==== Data to use ====
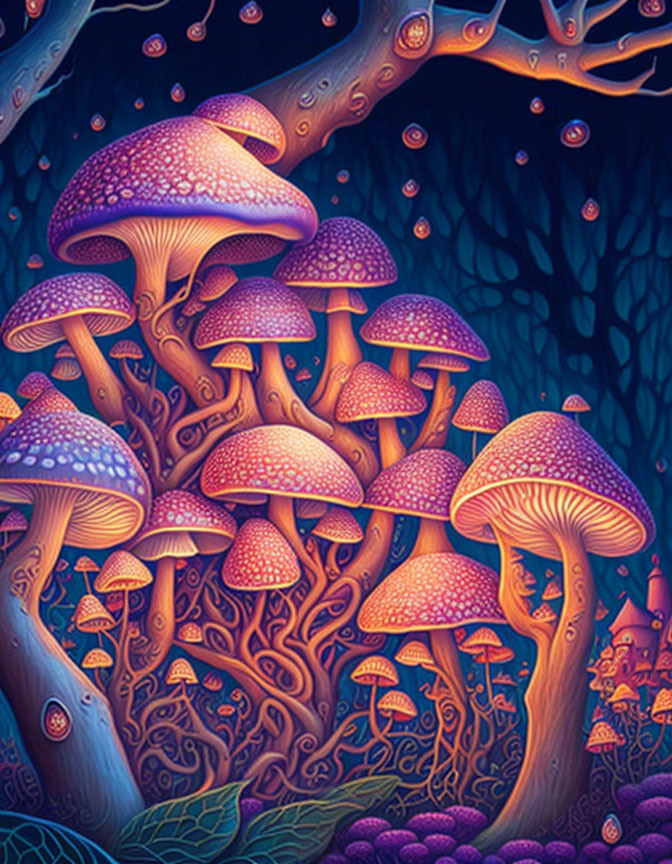 Vibrant Purple and Orange Mushroom Illustration on Dark Background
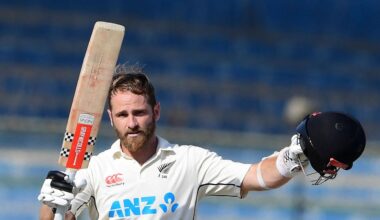 New Zealand's Kane Williamson celebrates scoring a double century (200 runs) during the fourth day of the first Test match between Pakistan and New Zealand at the National stadium in Karachi on December 29, 2022. (Photo by Asif HASSAN / AFP)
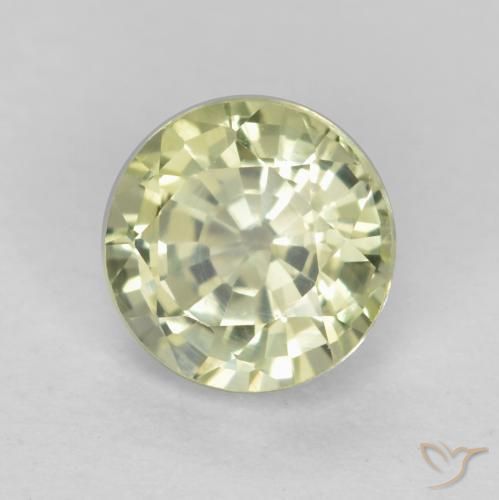 Granato grossularite Giallo chiaro naturale da 0.63 ct, Rotondo, VVS-VS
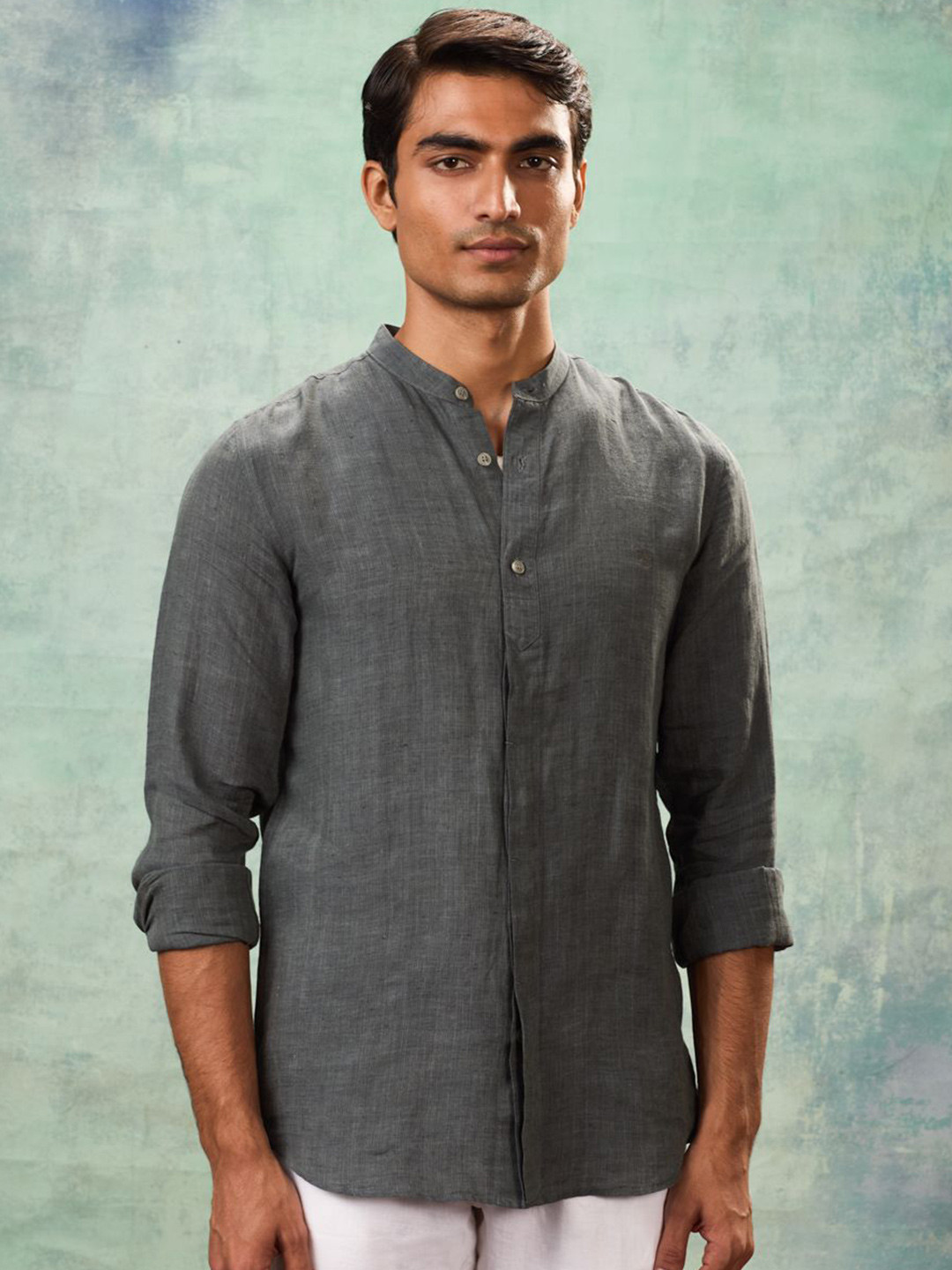 MH&Y Men Comfort Fit Solid Band Collar Linen Casual Shirt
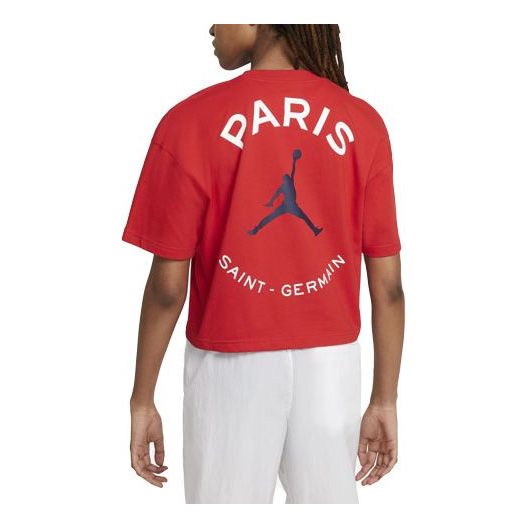 Crop Top Jordan Air Jordan Jumpman Paris Saint-Germain Loose Short Sleeve T-Shirt Červená | DC0458-657, 0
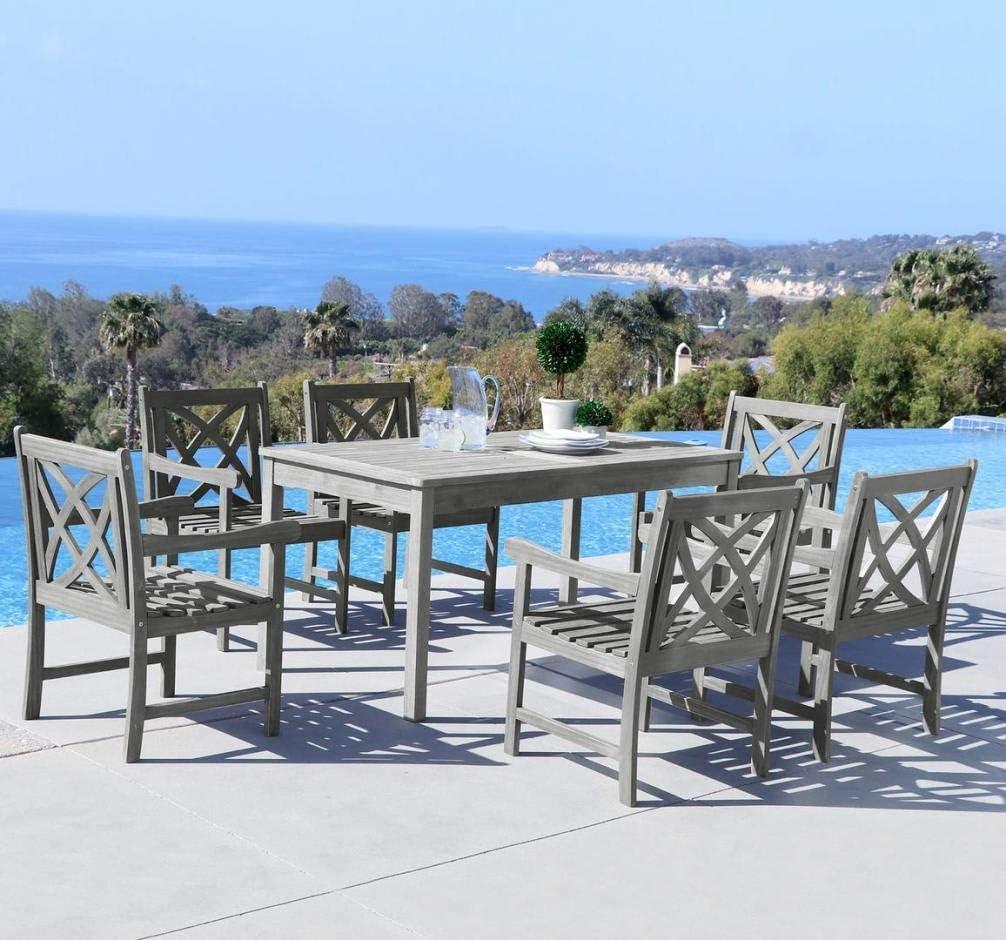 Renaissance 6-Person Hand-Scraped Gray Acacia Wood Outdoor Dining Set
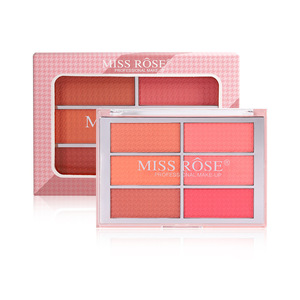 MISS <span class=keywords><strong>ROSE</strong></span> 6 colori fard piatto impermeabile perla opaca trucco per il viso con combinazione multicolore ombretto Rouge trucco viso - Product Image 4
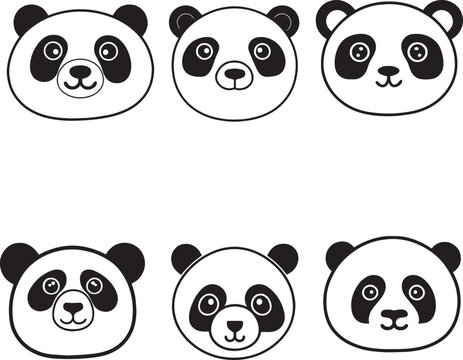 Cartoon panda head icon set, Vector Illustration SVG © Dmytro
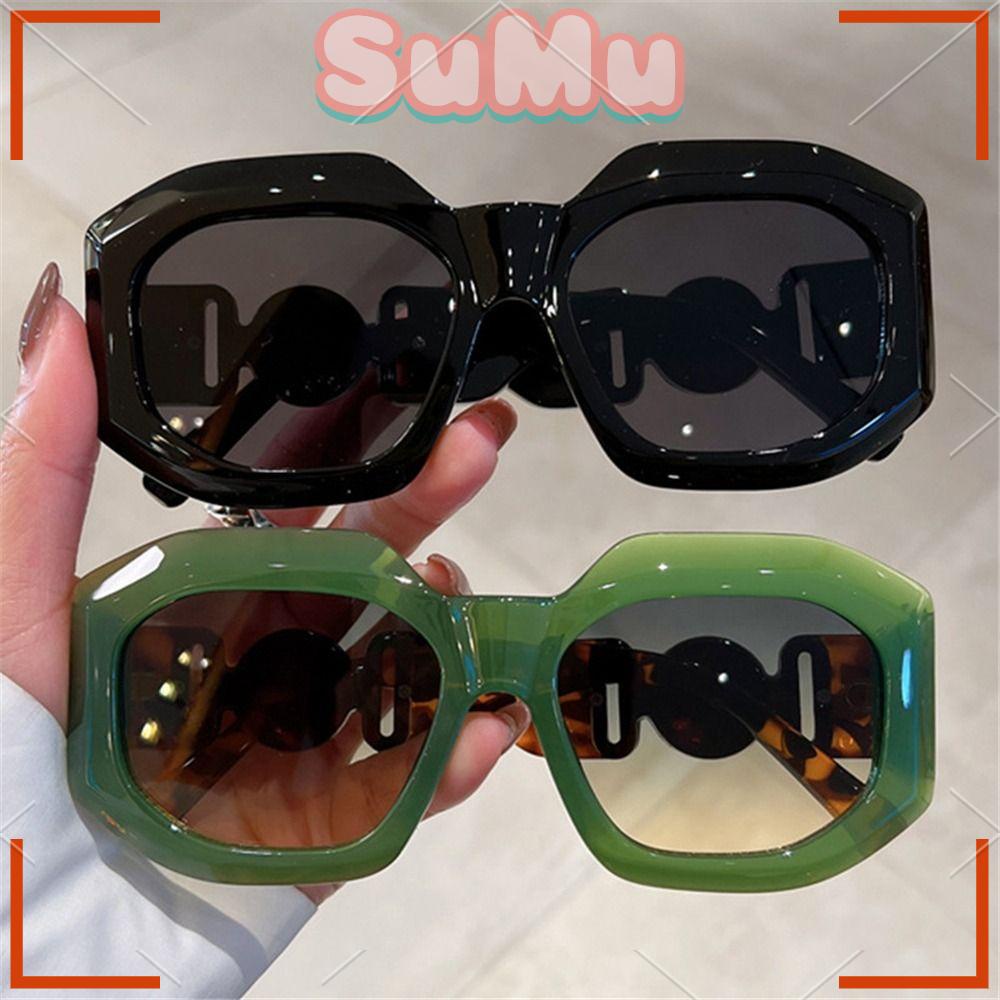 SUMU Kính Mát Oversize Chống Tia UV400 Tròng Lục Giác Cho Cả Nam Và Nữ
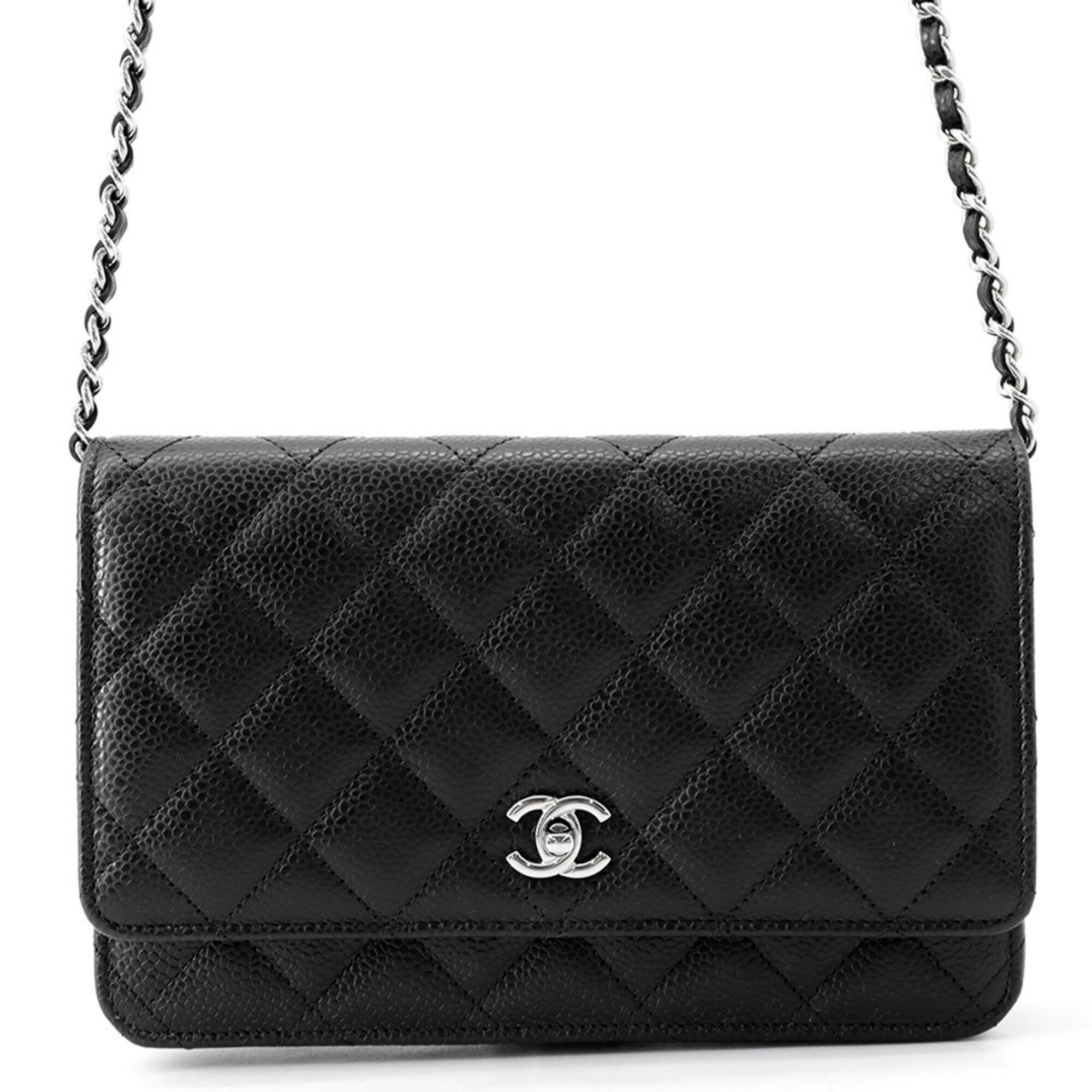 Chanel Matelasse Black Grained Calfskin Chain/Shoulder Wallet (Pre-Owned)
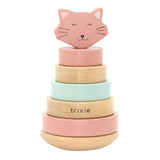 Tour empilable en bois Trixie - mrs. chat - jouet empilable en bois - jouets éducatifs - pour garçons filles - chat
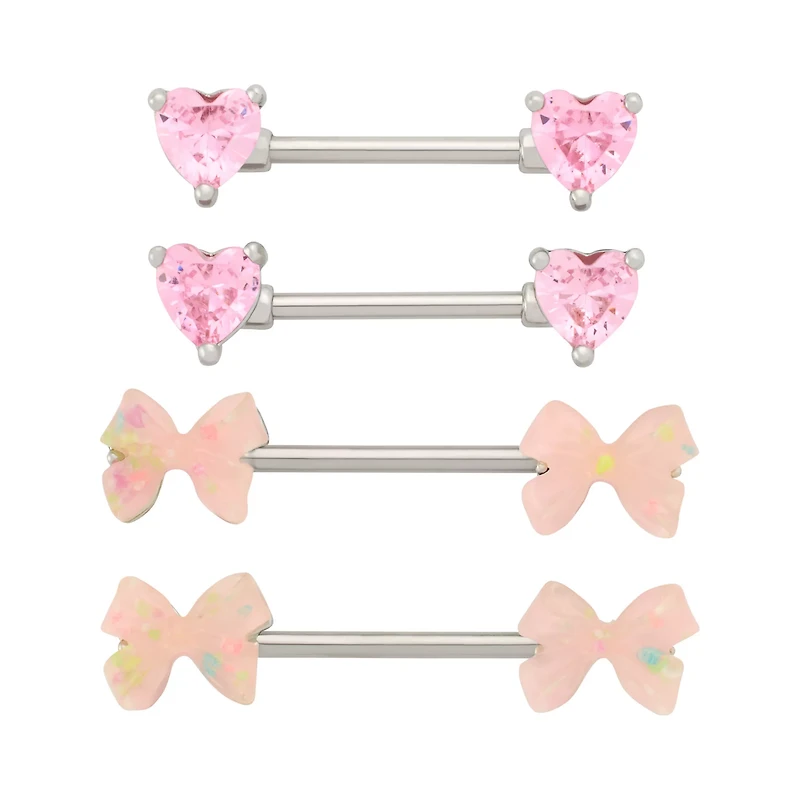 Multi-Pack Pink CZ Heart and Bow Silver-Tone Nipple Barbells 2 Pair - 14 Gauge
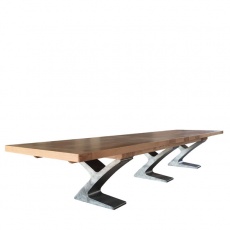 Windermere Rustic Monastery Ext. Table  - Smoked Oak Top with Metal Legs (Special Order)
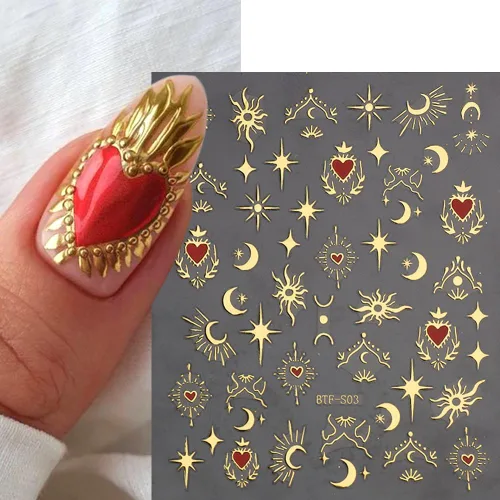 Miniatura 2 de 8 hojas de calcomanías doradas para arte de uñas, sol, estrella, luna bronceadora, calcomanías de uñas autoadhesivas 3D, calcomanías de uñas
====
What the exercise asks: Nothing but the lines from the top of the data above through the line containing "Renaissance 6-Person Hand-Scraped" should be output, exactly as written and without the pictures.

Answer to this problem:
 Vibrant Purple and Orange Mushroom Illustration on Dark Background
 New Zealand's Kane Williamson celebrates scoring a double century (200 runs) during the fourth day of the first Test match between Pakistan and New Zealand at the National stadium in Karachi on December 29, 2022. (Photo by Asif HASSAN / AFP)
 Granato grossularite Giallo chiaro naturale da 0.63 ct, Rotondo, VVS-VS
 MH&Y Men Comfort Fit Solid Band Collar Linen Casual Shirt
 Crop Top Jordan Air Jordan Jumpman Paris Saint-Germain Loose Short Sleeve T-Shirt Červená | DC0458-657, 0
 Renaissance 6-Person Hand-Scraped Gray Acacia Wood Outdoor Dining Set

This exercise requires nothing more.